# Task description
Without the images, repeat every line of the listing verbatim.

# Given material
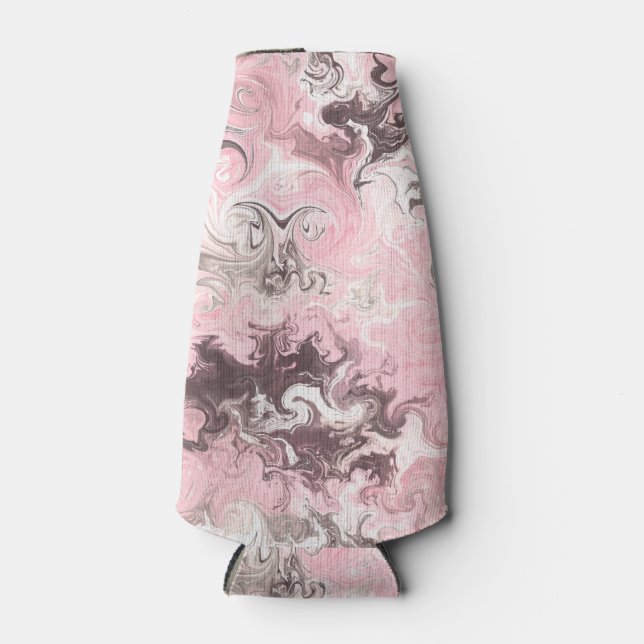 Pink gray white camo bottle cooler (Front)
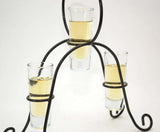 Tequila Flight Iron Stand with 3 Shot Glasses-11 Inches Tall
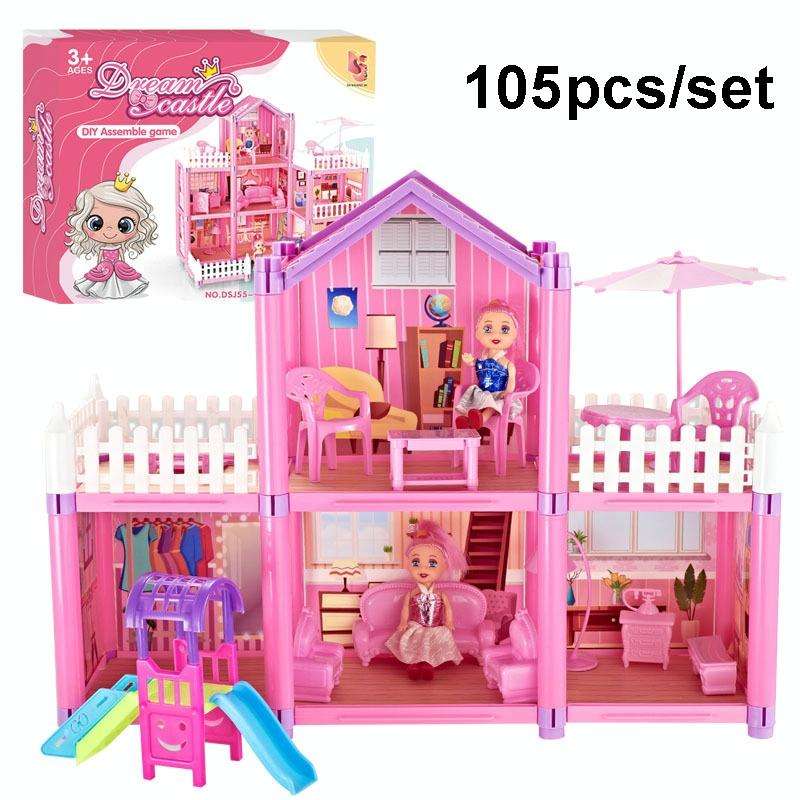 DSJ55-1 105pcs/set Children Passing Domestic Toy Doll House Princess Castle Set Simulation Disgui...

# Answer below
 Pink gray white camo bottle cooler (Front)
 Tequila Flight Iron Stand with 3 Shot Glasses-11 Inches Tall
 DSJ55-1 105pcs/set Children Passing Domestic Toy Doll House Princess Castle Set Simulation Disgui...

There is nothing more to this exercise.